Today during the Angelus Pope Francis called on every Catholic parish, religious community and monastery in Europe to support a refugee family. "Faced with the tragedy of tens of thousands of refugees fleeing death on account of war and hunger, and who are traveling toward a hope for life, the Gospel calls us to be 'neighbors' to the smallest and abandoned, (and) to give them a concrete hope," he said. It's not enough to call for patience; hope "is combative, with the tenacity of those who go toward a safe destination."
[For a full report, check out the Catholic News Service story.]
Obviously, the crisis in Europe is acute. But all around the world refugees from Syria and elsewhere are struggling to find safety. In recent years Australia has had tens of thousands trying to reach its shores from camps in Indonesia. It's just a year ago that the United States had thousands of children being sent by their parents from Latin America to try and save them from local cartels and other threats.
Rather than simply watch with concern as things unfold abroad, why don't we take on the pope's challenge ourselves? Every U.S. Catholic parish, community and school could support a refugee. Maybe even some Catholic families would be willing to open their doors.

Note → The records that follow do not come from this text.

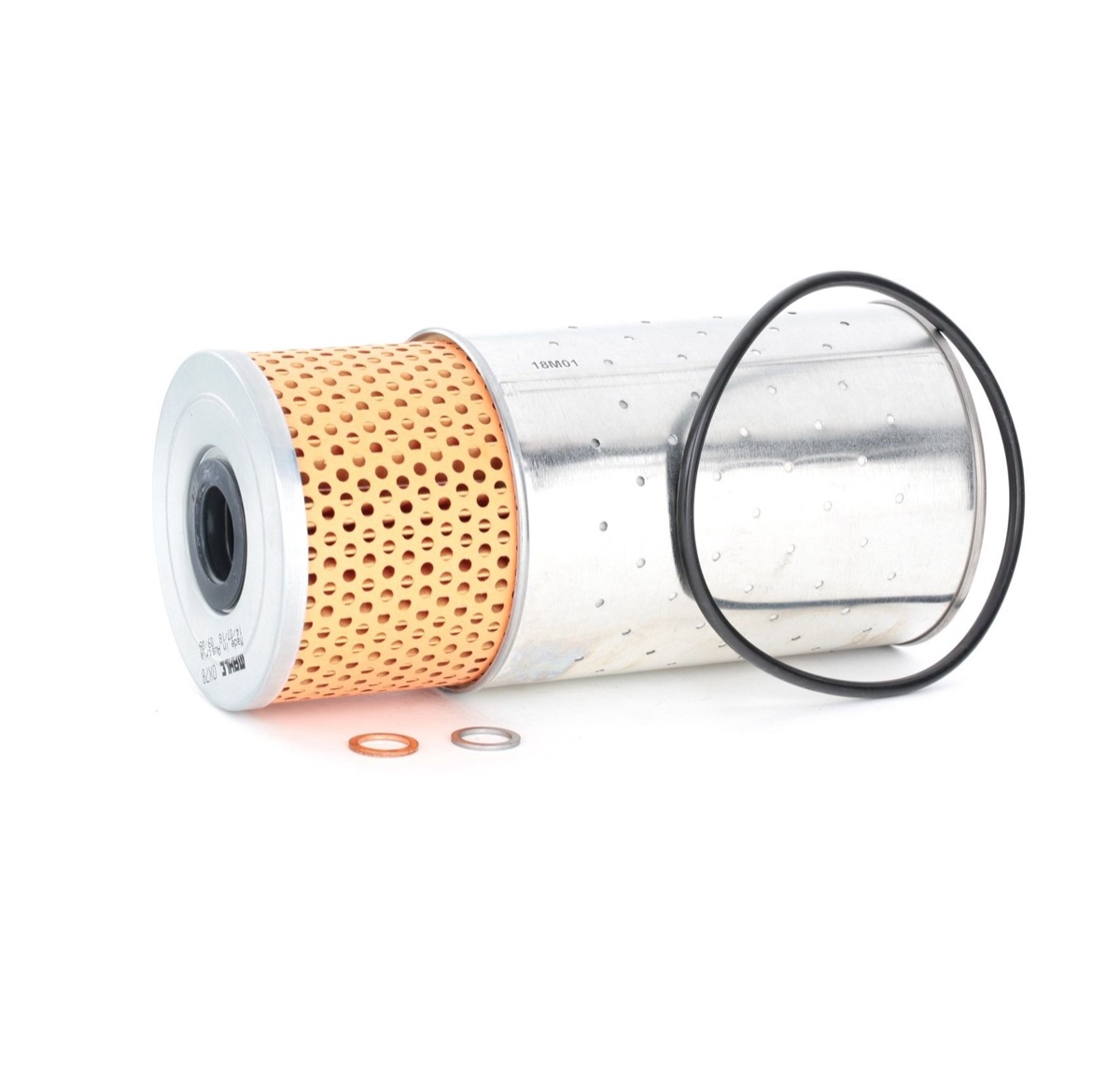 Mahle OX 78D Oil Filter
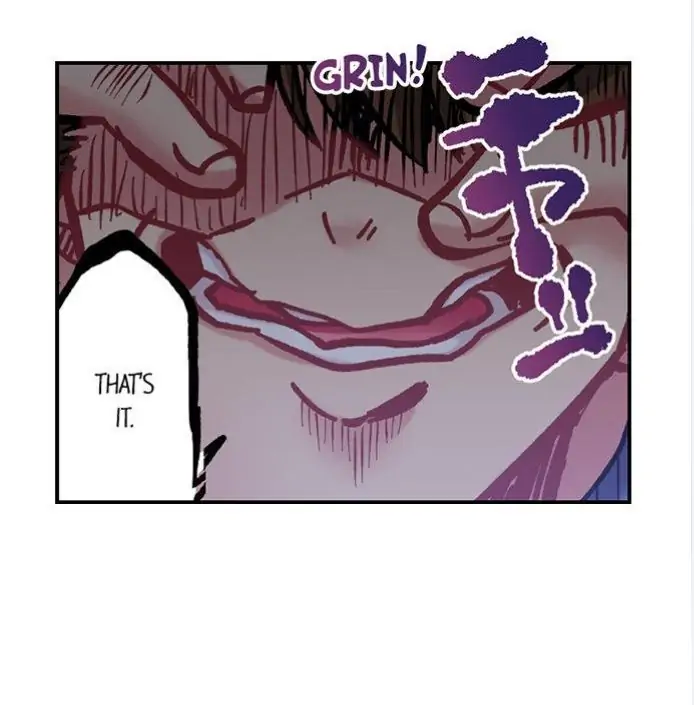 C*ming 100 Times To Protect My Crush Chapter 26 - page 21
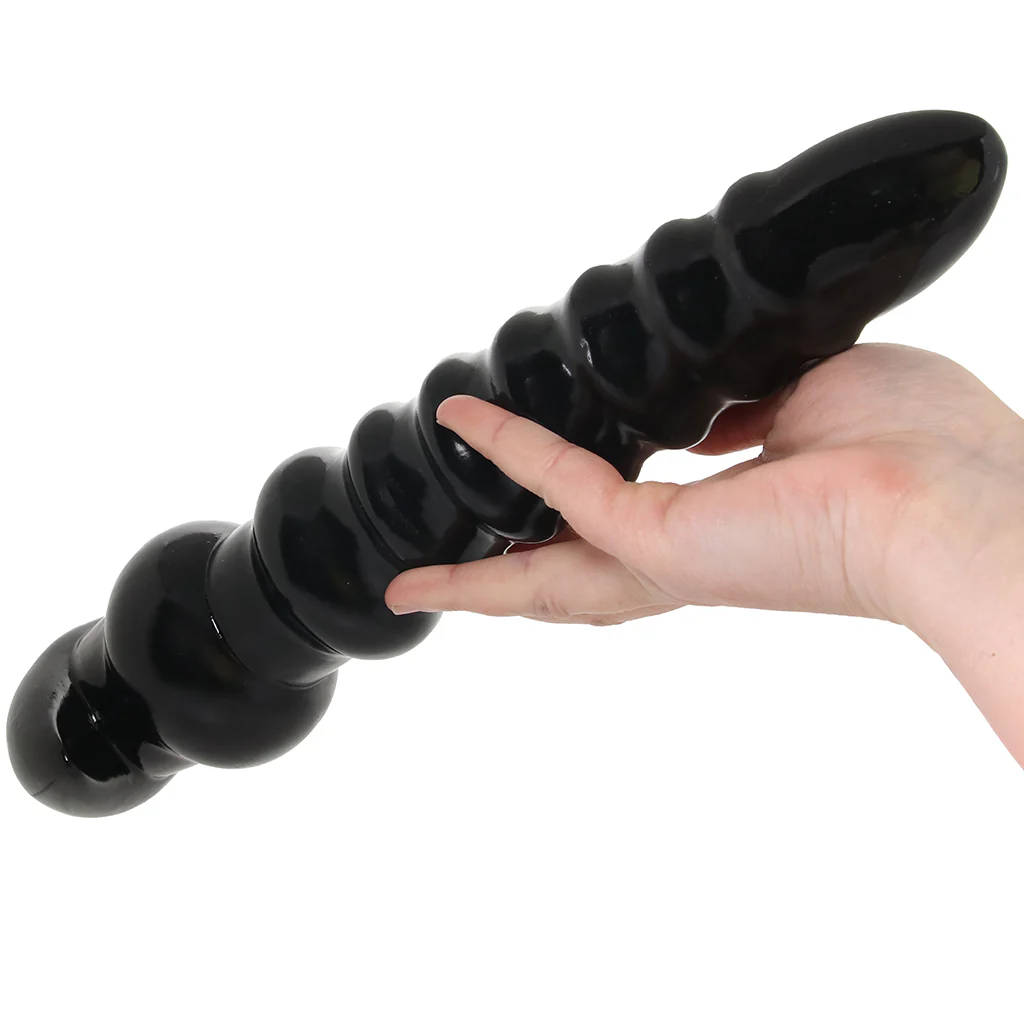 Size Up 13 Inch Ribbed Textured Titan - Image 4
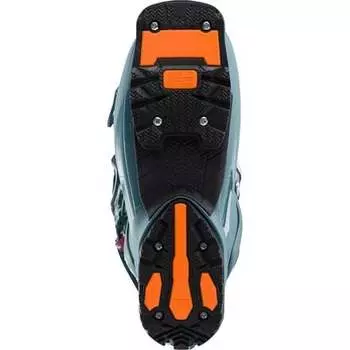 Ботинки XT3 FREE 115LV GW — 2024 женские Lange, цвет Abys Green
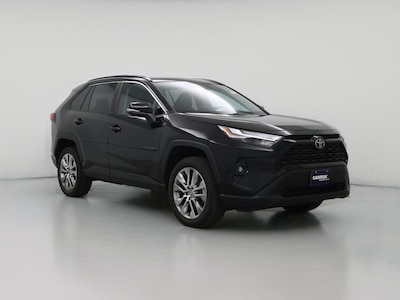 2022 Toyota RAV4 XLE Premium -
                White Marsh, MD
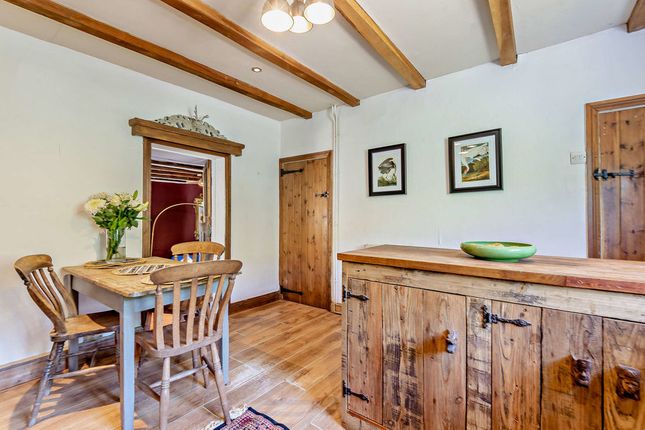 1 Grove Cottages, Ross-On-Wye photo 4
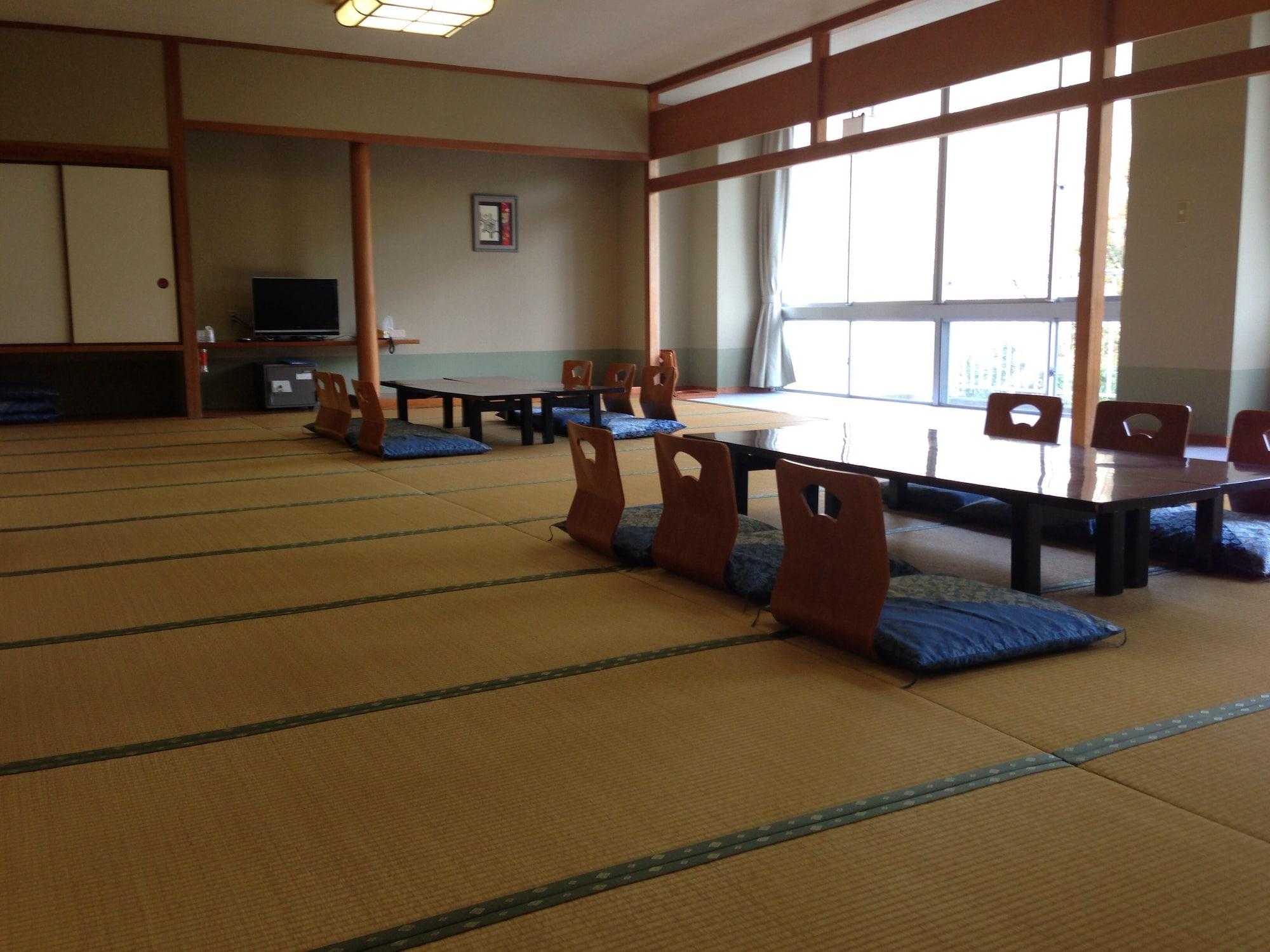 Hinotani Onsen Misugi Resort Tsu Exterior foto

In so many places, refugees find themselves confronted with fear and callousness. (Australia took the extraordinary step of declaring its entire continent -—a land mass almost as big as the United States—off limits to anyone who arrives by boat, no matter the legitimacy of their claim to refugee status.) More than in most countries the church in the United States has the means and the will to help. So let's put those resources to work.